Once we had determined stimulus differences corresponding to the perception of the same or different individual, we then selected stimuli for use in the main experiment. We employed some constraints in stimulus generation to avoid geometric distortions in the synthetic face space. To keep skin color, contrast, and texture constant within ethnicity groups, we only varied the dimensions that control face geometry (2–42). We also kept the first two dimensions (roughly, face width and length) constant throughout, as these dimensions masked changes on the other dimensions by virtue of being conspicuous. 

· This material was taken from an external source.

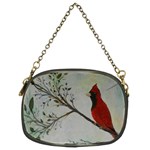 Sweet Red Cardinal Chain Purse (Two Sided) 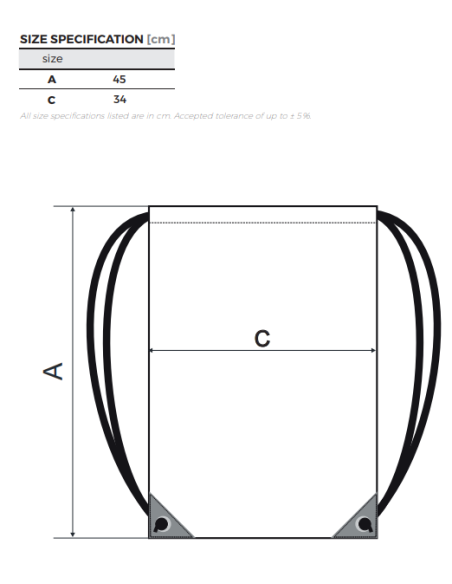 TORBA PLECAK WOREK DO SZKOŁY Z NADRUKIEM IMIĘ W9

Stimuli in version 1 (large range) varied in ethnicity and gender across trials. We first found the coordinates for prototypical faces in each ethnicity group (Afro-Caribbean, East-Asian, South-Asian, European) and gender. Next we generated the base stimuli for each trial as follows. The first face in a trial was selected randomly from the 40 usable dimensions (specifically, we randomly set the 40 coordinates to values within our predefined limits to avoid distortions). The next face was chosen randomly a given number of SD units away from the first face. The number of units was zero in case of a perfect repetition; 5 in case of a small change, and 11 in case of a large change. We further made sure that each face was at least three units (one JND) away from any other face in the same run, excepting repetition trials. To then generate a face with a particular ethnicity and gender, we recentered the base face according to the prototypical face in that ethnicity/gender category via vector summation. This allowed us to separately control the distance between any two faces in a trial, and the ethnicity and gender across trials. The stimuli for versions 2 (small range, exact repetitions) and 3 (small range, approximate repetitions) were generated similarly but without the shift to a new ethnicity/gender on every trial, resulting in Caucasian-appearing male faces. 
Results and discussion
To test for priming and expectation effects, response times from the offset of the second stimulus were extracted for correct trials. In versions 1 and 2, trials were scored correct if participants responded “same” to exact repetitions and “different” to nonrepetitions. In version 3, trials were scored correct if participants responded “same” for the approximate repetitions and “different” for the nonrepetitions. Response time outliers (>3 SD from the mean, 2% of correct trials) were excluded from analysis. Accuracy was 82% for version 1 (large range, exact rep), 90% for version 2 (small range, exact rep) and 75% for version 3 (small range, approximate rep). This difference between versions was significant in a four-way ANOVA with trial type, block type, and version as fixed effects and participant as a random effect, F(2, 375) = 23.4, p < 0.0001. 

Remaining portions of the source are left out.